不調な状態をうまく乗り越えられる人もいるだろう。不調を感じても「一過性じゃないか」「時間がたてばよくなるはずだ」と言い聞かせて何とか耐えている人もいるかもしれない。
一方、今回注目したいのは、「会社を去る決断に至った人」である。理由は人それぞれいろいろあるにしても、もう会社を辞めることを決めた人には前進してほしい。そのためには会社を辞める過程で、周りとの不要なトラブルを避けなければならない。どうしたら“円満”に退職できるのか、そのチェックポイントについて考えてみよう。

円満退職を実現するためのポイントは2つ

円満退職をどう定義するか、まずはその確認から始めよう。
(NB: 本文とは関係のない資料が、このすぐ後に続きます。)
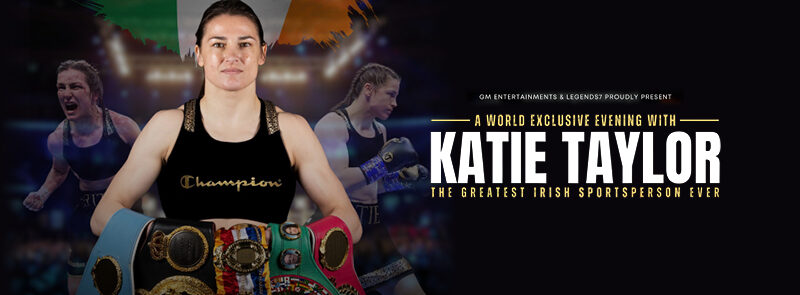 An Exclusive Evening with Katie Taylor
「円満」という言葉は「物事がうまくいっている状態」や「満足している状態」を指す言葉である。ゆえに円満退職とは、会社と退職する社員の双方にとって「退職に伴う各種手続きがうまくいっている状態」が必要だ。
その結果、「会社と退職する本人の双方が満足している状態」にあれば円満退職は実現する。
円満退職を実現するために、もっとも大事なのは退職理由とその伝え方である。退職理由は人それぞれであるだろうが、本当の理由(主に不満)が言いづらいときは、会社が引き止めにくい理由を探して言うのが正解である。
例えば別にやりたいことがある(それは今の会社にいては実現できない)、家族の都合で働き方を変える必要がある(働く時間や、フリーランスになる)などの理由だ。確かにこれらの退職理由は引き止めにくさではトップクラスではあるが、職場の上司や同僚が納得してくれるかどうか、そこが問題である。
それには、あなたの退職前3カ月間の言動が鍵となる。あなたの退職理由が、過去のあなたの言動から類推できるかどうかが大事である。取ってつけたような退職理由の創作だと思われないように、用意周到に準備しておくのである。
退職を伝えるタイミングも大事だ。業務が多忙な時期や他の人が退職した直後で人手不足になっているときなどは、タイミングがあまりよくない。できれば辞めるタイミングは繁忙期を避けるのが望ましい。このことは可能な限り意識しておいたほうがいいだろう。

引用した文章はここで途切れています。